『新版 現代会計学』では、会計を以下のように定義しています。
会計は,これらの経済主体が営む経済活動(資金の調達建物の購入など)およびこれに関連して発生する経済事象(建物の焼失,機械の損耗,商品の破損・値下りなど)について,主として貨幣額で測定・記録・報告する行為である
会計の定義のなかに「経済主体」という言葉が登場することに注目しましょう。
同書には「経済活動を営む主体を経済主体といい」とあり、この経済活動こそが会計報告の対象となるものですから、経済主体は会計における重要な概念と言えます。
マテシッチによる会計の基本的仮定やRenesの公理にも、経済主体の存在が会計の前提になっています。
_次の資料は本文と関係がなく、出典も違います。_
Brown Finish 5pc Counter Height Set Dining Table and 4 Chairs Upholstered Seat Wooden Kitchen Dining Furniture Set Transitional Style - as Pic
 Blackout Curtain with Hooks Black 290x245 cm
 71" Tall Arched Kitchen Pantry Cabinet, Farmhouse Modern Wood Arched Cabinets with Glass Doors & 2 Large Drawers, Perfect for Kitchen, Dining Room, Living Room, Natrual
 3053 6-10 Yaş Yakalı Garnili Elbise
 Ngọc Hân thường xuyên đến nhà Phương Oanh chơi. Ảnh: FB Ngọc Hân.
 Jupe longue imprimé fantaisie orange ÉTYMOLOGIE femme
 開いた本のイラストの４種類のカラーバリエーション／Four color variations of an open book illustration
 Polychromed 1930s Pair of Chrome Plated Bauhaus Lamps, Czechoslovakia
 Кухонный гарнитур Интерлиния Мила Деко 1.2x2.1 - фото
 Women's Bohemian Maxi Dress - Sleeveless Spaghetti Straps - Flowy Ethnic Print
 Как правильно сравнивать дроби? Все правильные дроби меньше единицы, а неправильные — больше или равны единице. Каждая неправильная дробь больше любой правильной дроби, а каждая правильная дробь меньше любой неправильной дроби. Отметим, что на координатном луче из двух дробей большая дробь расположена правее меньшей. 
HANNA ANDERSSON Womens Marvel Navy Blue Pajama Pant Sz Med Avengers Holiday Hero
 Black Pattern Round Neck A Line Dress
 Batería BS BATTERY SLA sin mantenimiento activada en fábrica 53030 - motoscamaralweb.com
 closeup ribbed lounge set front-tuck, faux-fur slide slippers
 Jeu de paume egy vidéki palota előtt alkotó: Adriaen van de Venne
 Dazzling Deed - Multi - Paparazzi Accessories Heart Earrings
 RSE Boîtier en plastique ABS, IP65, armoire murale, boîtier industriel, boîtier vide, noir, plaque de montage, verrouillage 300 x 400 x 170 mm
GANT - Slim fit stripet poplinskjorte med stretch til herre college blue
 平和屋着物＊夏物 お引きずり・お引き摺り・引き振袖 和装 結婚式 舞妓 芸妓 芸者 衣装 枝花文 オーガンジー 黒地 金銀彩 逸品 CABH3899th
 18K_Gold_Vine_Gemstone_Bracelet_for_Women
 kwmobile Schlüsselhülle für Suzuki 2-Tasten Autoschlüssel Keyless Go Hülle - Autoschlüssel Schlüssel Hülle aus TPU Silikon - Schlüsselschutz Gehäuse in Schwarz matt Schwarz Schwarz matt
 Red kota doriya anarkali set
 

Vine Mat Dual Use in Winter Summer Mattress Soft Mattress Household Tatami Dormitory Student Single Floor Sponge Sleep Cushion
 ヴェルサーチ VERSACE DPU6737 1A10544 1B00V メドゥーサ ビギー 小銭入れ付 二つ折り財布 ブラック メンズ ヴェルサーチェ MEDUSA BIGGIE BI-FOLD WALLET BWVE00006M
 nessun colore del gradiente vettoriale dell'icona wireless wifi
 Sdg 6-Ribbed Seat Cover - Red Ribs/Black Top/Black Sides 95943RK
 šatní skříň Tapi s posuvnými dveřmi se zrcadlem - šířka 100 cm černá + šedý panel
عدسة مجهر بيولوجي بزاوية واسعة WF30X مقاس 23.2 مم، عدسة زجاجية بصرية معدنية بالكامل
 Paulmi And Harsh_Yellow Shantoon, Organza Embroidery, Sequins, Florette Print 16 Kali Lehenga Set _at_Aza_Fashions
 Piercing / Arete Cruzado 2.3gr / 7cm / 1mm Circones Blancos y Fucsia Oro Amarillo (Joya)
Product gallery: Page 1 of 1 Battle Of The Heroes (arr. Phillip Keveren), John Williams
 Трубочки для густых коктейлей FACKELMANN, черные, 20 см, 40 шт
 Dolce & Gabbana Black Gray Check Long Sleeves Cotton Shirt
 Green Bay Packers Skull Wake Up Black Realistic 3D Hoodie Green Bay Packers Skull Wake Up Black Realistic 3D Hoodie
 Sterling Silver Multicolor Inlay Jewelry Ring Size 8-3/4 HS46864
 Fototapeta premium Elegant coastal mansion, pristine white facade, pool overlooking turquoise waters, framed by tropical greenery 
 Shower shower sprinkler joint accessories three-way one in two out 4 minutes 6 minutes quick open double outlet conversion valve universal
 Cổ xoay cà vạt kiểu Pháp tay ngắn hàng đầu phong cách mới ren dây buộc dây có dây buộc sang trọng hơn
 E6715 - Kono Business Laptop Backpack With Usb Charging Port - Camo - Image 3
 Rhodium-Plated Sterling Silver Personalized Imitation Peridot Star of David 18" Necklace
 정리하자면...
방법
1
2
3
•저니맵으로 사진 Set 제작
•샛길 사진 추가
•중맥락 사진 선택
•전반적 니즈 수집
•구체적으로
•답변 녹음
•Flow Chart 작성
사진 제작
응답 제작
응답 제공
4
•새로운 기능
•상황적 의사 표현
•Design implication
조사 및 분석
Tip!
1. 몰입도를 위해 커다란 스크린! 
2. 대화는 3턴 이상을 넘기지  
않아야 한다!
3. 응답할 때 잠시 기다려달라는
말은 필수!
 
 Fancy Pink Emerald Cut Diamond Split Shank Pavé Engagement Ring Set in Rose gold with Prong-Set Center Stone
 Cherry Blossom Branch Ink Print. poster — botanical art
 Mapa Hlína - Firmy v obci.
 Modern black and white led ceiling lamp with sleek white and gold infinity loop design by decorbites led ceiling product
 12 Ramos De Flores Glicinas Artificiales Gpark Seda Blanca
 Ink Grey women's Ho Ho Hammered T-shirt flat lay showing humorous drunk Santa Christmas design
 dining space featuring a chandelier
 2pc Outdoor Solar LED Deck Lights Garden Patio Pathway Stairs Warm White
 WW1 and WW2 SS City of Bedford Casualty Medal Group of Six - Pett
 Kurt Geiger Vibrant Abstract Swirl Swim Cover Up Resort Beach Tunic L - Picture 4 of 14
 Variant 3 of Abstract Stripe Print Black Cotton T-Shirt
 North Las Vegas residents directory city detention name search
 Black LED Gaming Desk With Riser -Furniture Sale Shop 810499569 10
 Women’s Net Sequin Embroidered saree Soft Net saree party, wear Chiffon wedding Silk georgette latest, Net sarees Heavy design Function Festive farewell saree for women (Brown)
経済主体は会計の「適用範囲」を左右するファクターでもあります。
通常、企業の取引には相手方、つまり異なる経済主体が存在し、その相手方との取引を一定の会計規則に当てはめて仕訳を行い、報告します。
一方、異なる経済主体間の取引であっても、それが連結グループ内の取引であれば、連結会計上の会計処理に影響しません。
このように、経済主体は会計の対象となる範囲を規定する役割を果たしています。これは自然科学における「系(system)」に近い概念です。
経済主体を考えるということは、会計モデルの系を考えるということ、なのかもしれません。